Downward’s Pricing Theory in Post-Keynesian Economics: Chapter 9

Chapter 9 of Paul Downward’s Pricing Theory in Post-Keynesian Economics: A Realist Approach (Cheltenham, UK, 1999) presents his conclusions.

Downward concludes that critical realism is the appropriate method for Post Keynesian economics (Downward 1999: 181).

For Downward, the
“behavioural ‘core’ of post Keynesian pricing theory can be identified through the focus on the mark-up. In deference to research on actual agent decision making under conditions of uncertainty, post Keynesians should emphasise that prices are set by firms adding a mark-up to some measure of average costs. The mark-up is determined ex ante in the uncertain pursuit of some (possibly multiple) objective(s).” (Downward 1999: 181).
This is in contrast to neoclassical economics that neglects overhead/fixed costs, and frequently has unrealistic assumptions in its behaviour theory.

Econometric studies are only a limited and incomplete form of evidence on pricing and the fundamental empirical work must remain qualitative case studies (Downward 1999: 183).

Demand obviously influences flexprices, and it can influence mark-up prices too, but does so to a lesser degree than costs.

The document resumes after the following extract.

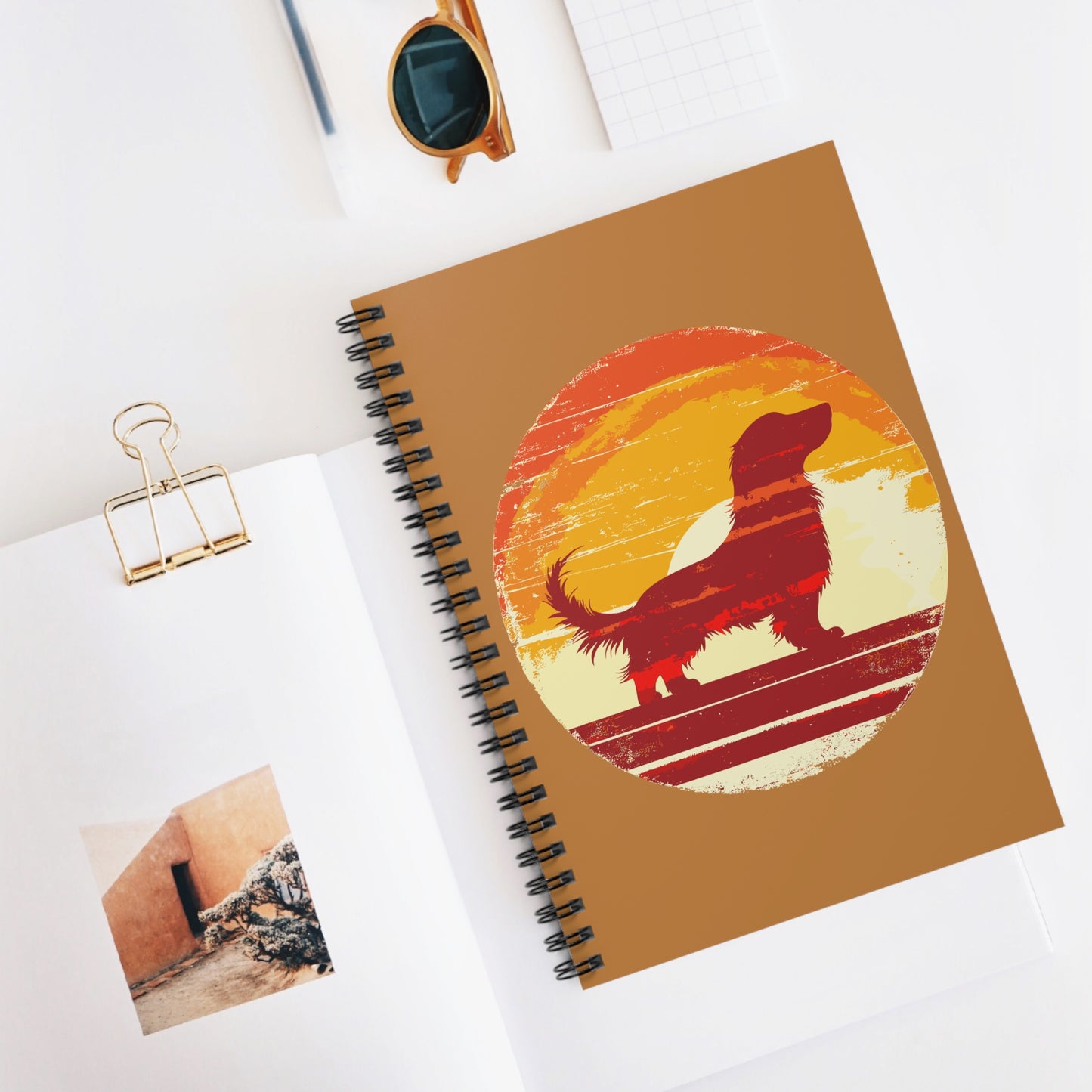 "Long Sunset" Long-Haired Dachshund Ruled Line Spiral Notebook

Downwards’ own research finds that “prices display considerable inertia” (Downward 1999: 184).

Businesses’ general unwillingness to change prices is rational, and is part of their behavioural attempts to overcome uncertainty and stabilise expectations (Downward 1999: 187).

These conclusions are highly problematic for neoclassical economics.

Downward, Paul. 1999. Pricing Theory in Post-Keynesian Economics: A Realist Approach. Edward Elgar Publishing, Cheltenham, UK and Northampton, MA.